By Andy Chivers

It is hard to spend much time watching television without seeing a car chase. Indeed cars are used in so many ways in films it is easy to think of them as a natural part of the environment. But if you stop for a moment and consider what their ubiquity tells us about our relationship with cars, it is revealing how emotionally entwined we are with these one ton lumps of steel. And asking how a bicycle chase could replace a car chase is a joke, perhaps something Johnny English might do.

Meeting these deep-seated needs with anything other than a car is a preposterous idea. Consider a car chase re-imagined on bikes. That staple of car chases, squeezing through impossibly narrow gaps, would be just normal for bikes. But after that the advantages are hard to see. Firstly anyone (it seems) can jump in a car and drive like an indestructible maniac whereas differences in fitness would quickly determine the outcome of a bike chase, and with no steel armour around, those flying bullets would soon find their target. Skids and rolls would leave the protagonists nursing scrapes and bruises at the least. Cars seems to provide our heroes with super powers – all by pressing on the accelerator pedal. No amount of pedal pushing on a bike can create that impression of unlimited power, though perhaps e-bikes might come close.

At the other end of the scale, a car journey is a metaphor for self-discovery and relationship development, so film producers can put their actors in the front seats and let the dialogue flow. The private space lends intimacy to their time together. A tandem may be the practical equivalent but fails to capture the mood – or the privacy and eye contact opportunities. I wonder if anyone has tried to substitute bikes for cars in films – somehow I don’t think so. For me this shows how our relationship with cars is much more than simply a transport option.

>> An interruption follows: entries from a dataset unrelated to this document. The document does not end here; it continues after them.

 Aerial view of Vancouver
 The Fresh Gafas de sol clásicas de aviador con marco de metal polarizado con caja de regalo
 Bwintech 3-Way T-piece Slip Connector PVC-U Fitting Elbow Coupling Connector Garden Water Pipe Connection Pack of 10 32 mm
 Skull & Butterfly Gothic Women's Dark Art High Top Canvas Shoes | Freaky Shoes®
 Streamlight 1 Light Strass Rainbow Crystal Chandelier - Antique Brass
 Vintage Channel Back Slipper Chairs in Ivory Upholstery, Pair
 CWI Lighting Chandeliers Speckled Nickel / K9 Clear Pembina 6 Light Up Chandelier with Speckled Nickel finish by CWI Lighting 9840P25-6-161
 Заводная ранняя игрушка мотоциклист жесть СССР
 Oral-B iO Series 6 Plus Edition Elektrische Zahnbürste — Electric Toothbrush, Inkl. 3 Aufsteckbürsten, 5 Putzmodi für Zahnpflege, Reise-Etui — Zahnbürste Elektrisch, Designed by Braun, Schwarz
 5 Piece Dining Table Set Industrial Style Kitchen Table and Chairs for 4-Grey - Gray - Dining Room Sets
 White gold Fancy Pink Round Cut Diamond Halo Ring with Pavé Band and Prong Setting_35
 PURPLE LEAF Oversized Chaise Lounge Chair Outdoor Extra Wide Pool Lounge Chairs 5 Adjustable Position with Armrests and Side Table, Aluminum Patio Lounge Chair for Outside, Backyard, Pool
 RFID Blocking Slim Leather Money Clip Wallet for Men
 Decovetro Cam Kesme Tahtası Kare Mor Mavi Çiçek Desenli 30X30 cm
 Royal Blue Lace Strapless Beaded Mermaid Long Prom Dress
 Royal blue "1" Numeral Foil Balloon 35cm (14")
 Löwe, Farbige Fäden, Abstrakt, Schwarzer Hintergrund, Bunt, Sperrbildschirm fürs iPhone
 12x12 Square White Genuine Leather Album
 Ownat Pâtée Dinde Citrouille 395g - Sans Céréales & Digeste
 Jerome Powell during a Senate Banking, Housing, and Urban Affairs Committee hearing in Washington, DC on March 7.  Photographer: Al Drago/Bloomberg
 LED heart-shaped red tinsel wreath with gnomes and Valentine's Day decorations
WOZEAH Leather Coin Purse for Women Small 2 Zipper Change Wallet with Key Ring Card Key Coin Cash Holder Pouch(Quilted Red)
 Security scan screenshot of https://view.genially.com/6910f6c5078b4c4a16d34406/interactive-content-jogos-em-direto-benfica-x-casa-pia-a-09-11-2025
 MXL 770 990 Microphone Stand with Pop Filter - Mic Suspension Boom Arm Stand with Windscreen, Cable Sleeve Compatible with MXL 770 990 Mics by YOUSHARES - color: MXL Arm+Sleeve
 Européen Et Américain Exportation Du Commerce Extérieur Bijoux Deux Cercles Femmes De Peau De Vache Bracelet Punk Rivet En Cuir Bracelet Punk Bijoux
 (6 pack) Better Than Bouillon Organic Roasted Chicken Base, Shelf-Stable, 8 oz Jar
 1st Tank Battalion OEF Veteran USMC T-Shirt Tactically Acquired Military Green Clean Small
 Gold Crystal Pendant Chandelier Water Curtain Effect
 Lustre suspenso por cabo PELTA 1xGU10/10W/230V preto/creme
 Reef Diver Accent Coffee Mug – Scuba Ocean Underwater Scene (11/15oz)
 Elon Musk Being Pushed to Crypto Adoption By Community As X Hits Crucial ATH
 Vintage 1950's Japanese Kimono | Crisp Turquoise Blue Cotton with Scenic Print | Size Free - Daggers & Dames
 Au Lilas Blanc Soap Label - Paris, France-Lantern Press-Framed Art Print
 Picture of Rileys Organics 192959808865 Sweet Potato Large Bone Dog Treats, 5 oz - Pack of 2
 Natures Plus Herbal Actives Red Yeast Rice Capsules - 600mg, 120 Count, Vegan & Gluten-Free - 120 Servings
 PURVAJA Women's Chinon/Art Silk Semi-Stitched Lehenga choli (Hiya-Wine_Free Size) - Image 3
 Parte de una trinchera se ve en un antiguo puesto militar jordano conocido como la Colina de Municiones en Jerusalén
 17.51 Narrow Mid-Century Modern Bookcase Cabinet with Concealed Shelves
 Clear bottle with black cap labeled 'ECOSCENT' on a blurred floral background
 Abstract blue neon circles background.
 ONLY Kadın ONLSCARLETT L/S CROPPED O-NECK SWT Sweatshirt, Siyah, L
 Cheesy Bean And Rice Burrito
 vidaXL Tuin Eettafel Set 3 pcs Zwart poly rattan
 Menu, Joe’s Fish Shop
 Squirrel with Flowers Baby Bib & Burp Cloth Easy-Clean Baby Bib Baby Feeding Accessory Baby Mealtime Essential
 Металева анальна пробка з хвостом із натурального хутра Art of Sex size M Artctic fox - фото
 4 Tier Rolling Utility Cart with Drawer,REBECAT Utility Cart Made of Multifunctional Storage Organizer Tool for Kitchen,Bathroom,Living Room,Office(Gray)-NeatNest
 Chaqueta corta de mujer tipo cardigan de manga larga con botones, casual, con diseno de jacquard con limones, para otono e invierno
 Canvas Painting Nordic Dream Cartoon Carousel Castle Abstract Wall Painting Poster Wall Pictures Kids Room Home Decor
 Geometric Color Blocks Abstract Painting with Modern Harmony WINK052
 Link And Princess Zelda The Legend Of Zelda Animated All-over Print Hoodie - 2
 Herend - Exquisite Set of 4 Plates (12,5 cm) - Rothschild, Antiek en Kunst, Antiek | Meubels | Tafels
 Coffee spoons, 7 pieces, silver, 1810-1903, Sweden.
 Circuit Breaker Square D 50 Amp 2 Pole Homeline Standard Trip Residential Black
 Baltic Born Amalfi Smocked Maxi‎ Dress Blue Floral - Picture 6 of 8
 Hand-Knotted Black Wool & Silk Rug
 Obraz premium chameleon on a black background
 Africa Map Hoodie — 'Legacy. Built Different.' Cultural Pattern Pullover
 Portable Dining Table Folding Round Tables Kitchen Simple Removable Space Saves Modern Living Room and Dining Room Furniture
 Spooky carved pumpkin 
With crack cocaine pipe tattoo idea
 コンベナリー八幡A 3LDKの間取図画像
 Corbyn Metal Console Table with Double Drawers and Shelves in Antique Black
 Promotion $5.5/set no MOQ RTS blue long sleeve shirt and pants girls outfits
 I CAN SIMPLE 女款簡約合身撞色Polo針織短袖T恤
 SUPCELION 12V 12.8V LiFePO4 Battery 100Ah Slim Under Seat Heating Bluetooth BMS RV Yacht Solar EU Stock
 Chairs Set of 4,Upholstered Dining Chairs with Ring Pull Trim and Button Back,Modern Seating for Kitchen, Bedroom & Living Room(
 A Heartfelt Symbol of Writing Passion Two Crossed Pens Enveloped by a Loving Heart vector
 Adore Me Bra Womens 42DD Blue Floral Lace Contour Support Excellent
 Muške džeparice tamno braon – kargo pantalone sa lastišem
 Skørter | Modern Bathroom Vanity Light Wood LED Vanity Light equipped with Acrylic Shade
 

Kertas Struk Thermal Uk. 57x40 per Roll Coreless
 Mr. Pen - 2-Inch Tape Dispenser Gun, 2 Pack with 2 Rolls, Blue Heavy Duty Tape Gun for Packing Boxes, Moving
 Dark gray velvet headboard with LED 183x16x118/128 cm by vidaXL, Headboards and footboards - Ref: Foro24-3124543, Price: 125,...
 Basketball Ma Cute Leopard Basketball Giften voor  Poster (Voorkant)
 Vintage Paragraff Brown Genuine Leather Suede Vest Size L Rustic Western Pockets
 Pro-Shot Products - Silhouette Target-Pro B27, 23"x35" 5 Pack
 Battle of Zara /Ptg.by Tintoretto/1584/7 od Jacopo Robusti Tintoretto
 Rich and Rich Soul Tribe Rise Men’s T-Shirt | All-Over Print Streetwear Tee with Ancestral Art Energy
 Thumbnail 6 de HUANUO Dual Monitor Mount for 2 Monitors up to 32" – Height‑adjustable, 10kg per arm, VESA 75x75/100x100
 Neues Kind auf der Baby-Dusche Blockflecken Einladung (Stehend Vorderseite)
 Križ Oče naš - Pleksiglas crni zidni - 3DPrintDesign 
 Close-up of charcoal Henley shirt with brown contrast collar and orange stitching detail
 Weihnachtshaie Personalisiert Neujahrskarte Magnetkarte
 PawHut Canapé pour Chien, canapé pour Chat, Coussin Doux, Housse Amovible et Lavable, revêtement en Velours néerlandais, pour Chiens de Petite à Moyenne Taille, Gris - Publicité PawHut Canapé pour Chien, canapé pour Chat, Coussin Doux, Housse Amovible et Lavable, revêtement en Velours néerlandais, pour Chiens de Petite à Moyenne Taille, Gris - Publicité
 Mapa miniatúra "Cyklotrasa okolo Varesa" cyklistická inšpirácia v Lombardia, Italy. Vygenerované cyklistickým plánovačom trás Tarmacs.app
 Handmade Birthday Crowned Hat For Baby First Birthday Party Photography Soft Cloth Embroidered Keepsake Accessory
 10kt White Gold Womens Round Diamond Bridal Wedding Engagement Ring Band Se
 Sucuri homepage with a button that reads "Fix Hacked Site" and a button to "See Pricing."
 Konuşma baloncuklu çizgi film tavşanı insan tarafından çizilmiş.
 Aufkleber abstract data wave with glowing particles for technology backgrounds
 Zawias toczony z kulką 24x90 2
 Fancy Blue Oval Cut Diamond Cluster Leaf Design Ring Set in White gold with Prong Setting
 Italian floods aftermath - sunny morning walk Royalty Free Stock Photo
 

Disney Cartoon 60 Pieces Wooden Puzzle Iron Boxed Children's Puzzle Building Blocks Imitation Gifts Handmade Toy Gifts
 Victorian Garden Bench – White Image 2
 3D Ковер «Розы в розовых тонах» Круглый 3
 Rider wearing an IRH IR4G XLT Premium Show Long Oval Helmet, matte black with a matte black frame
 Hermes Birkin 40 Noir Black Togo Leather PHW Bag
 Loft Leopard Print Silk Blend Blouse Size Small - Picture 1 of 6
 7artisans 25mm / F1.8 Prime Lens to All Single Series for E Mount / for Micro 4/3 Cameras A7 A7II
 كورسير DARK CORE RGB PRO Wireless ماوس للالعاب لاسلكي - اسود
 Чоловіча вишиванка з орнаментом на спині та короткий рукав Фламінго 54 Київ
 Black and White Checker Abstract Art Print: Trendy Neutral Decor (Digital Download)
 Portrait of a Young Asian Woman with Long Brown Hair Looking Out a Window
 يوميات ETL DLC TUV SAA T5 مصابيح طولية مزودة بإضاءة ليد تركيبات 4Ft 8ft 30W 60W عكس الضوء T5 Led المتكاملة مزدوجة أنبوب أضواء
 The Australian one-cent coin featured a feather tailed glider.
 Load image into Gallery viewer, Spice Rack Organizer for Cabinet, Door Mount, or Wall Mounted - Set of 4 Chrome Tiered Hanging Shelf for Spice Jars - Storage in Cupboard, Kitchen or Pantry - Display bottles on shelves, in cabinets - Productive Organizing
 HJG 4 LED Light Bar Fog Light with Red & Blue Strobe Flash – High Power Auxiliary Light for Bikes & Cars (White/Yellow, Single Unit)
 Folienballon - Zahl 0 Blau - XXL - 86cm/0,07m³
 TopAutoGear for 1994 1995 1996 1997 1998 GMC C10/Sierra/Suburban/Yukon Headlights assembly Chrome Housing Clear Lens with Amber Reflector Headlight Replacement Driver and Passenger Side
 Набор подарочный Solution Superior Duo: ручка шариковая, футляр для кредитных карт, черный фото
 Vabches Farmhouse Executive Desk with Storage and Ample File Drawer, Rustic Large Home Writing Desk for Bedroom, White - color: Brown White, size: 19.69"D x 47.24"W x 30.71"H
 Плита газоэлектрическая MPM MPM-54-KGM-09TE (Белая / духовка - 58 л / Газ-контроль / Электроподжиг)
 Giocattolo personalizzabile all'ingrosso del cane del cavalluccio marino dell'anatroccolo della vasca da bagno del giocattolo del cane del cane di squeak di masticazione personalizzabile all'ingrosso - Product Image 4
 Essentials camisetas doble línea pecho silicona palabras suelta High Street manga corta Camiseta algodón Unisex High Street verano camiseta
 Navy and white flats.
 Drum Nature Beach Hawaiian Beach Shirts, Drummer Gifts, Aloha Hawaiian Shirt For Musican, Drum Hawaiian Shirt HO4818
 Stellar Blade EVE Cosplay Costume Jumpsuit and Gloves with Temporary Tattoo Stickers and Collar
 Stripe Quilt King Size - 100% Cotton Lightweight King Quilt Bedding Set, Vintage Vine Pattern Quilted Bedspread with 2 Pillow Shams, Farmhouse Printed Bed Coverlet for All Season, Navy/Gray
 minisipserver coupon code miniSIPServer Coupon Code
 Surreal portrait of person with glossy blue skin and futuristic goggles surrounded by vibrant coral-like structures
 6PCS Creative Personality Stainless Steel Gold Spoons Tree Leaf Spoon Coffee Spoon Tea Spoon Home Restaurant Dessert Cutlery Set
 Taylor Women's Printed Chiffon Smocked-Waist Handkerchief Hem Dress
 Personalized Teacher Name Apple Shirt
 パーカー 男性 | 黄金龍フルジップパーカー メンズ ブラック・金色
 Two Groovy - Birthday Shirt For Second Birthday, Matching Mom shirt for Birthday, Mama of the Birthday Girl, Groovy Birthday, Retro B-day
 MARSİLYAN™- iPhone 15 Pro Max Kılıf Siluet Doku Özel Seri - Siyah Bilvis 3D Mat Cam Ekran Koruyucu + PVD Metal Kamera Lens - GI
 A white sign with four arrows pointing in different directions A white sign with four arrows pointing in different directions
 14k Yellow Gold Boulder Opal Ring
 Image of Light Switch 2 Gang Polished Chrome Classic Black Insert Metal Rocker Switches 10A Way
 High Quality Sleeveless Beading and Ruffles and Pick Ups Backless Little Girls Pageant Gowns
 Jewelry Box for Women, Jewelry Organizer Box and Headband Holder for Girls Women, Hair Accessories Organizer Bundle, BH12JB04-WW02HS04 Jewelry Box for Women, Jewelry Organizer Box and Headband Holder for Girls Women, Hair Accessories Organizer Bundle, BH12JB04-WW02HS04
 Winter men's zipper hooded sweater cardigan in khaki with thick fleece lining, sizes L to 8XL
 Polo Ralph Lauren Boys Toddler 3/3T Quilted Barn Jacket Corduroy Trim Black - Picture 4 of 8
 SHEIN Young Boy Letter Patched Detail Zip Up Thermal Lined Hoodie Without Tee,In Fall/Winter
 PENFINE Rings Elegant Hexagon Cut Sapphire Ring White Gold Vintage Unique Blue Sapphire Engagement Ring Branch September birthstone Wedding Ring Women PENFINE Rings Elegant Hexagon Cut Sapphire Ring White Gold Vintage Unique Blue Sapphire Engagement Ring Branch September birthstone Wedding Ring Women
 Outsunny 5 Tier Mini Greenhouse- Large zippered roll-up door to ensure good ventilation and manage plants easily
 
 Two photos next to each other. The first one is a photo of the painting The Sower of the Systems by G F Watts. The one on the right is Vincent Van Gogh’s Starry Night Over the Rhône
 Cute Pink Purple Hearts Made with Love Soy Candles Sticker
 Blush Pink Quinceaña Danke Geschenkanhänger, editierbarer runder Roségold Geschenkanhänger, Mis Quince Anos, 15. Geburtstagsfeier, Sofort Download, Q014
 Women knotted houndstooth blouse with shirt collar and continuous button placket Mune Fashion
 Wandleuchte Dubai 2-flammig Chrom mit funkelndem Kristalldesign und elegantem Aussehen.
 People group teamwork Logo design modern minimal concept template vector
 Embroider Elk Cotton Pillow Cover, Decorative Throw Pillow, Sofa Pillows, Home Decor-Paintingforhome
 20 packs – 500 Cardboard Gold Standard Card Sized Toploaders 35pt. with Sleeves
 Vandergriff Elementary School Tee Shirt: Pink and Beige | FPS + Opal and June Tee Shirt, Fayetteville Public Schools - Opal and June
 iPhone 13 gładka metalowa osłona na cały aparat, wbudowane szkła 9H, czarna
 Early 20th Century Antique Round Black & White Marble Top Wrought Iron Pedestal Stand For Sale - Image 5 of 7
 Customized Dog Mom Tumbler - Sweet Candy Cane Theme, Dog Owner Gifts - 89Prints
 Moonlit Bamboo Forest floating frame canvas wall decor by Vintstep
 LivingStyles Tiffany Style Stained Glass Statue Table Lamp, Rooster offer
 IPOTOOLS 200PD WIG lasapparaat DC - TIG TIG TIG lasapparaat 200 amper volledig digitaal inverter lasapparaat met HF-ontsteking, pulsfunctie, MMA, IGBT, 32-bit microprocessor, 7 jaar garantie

Sadly it is easy to see the car as an extension of our home, a proof of our power and control over the environment and a magic carpet that can take us anywhere without leaving our safe cocoon. Recognising the emotional ties that bind us may help us leave the car behind more often. On the other hand we need to see beyond the utilitarian bike to its role in the 1880s when it was emancipating, liberating, horizon-broadening and revolutionary. In the future the humble bike will be the symbol of all these and in addition, of friendly human interaction, economical, sustainable transport and liveable communities. Perhaps in the car free future the only way we’ll get our fix of car addiction is in those video games machines in amusement arcades.